## What you have to do
Only the stretch below from the line holding "TAZON LATTE 450 ML NAVIDAD DISNEY1" through the line holding "2008 - 2015" should be restated, word for word and with both ends included; pictures stay out.

## Data for analysis
>>

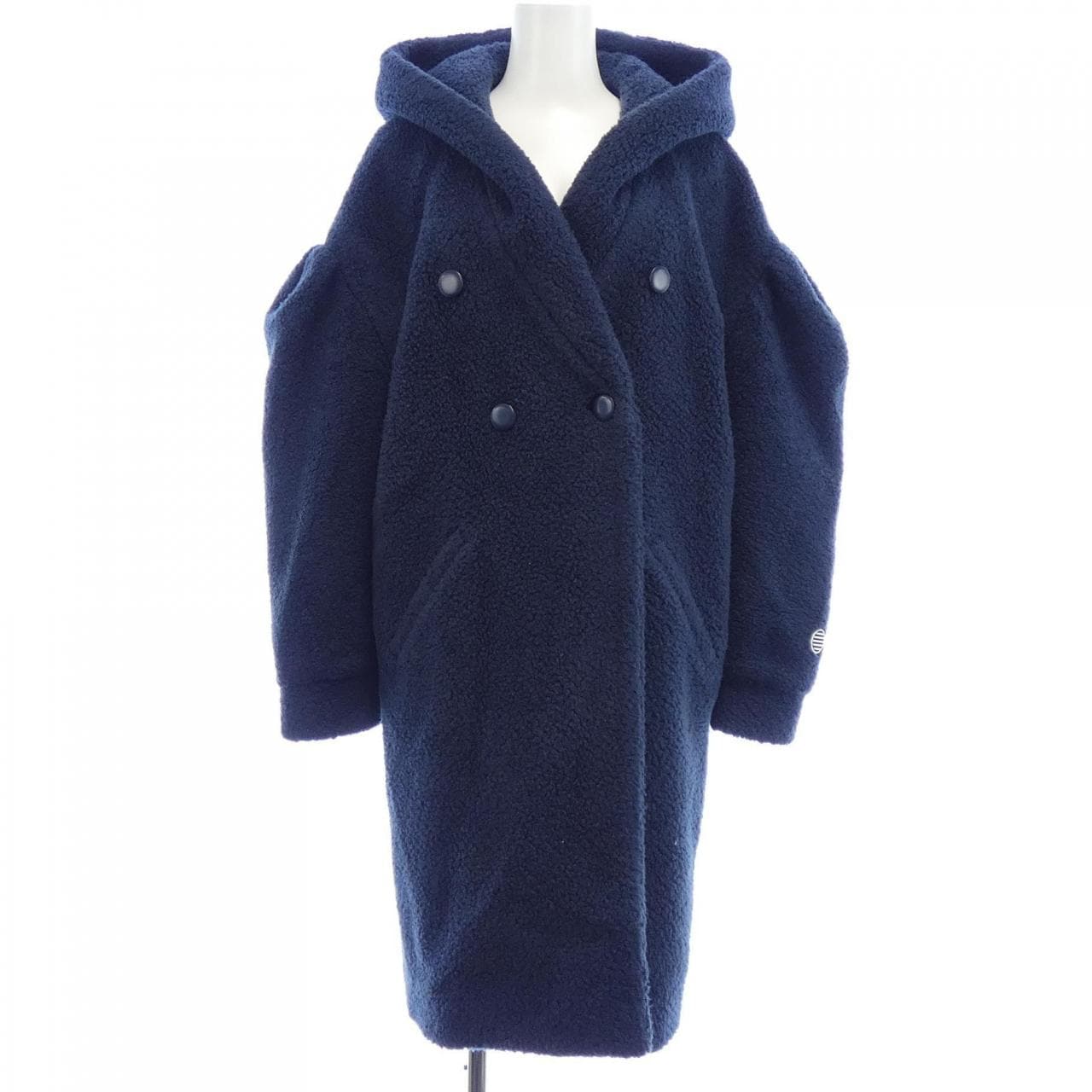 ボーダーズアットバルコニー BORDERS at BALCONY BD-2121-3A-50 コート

<<
>>

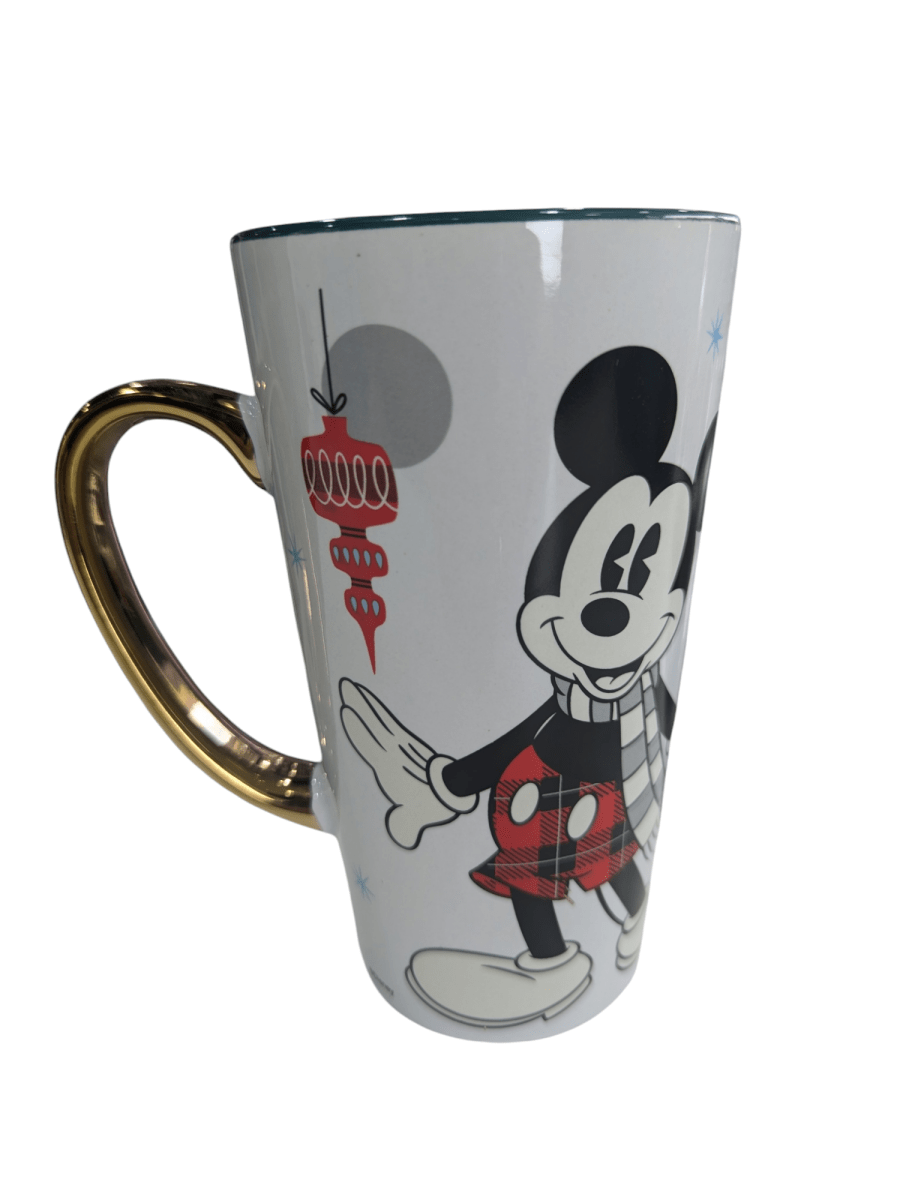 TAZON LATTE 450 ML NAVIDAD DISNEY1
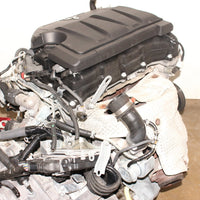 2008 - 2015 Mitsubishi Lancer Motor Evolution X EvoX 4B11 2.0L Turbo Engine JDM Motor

<<

## Result
 TAZON LATTE 450 ML NAVIDAD DISNEY1
 2008 - 2015 Mitsubishi Lancer Motor Evolution X EvoX 4B11 2.0L Turbo Engine JDM Motor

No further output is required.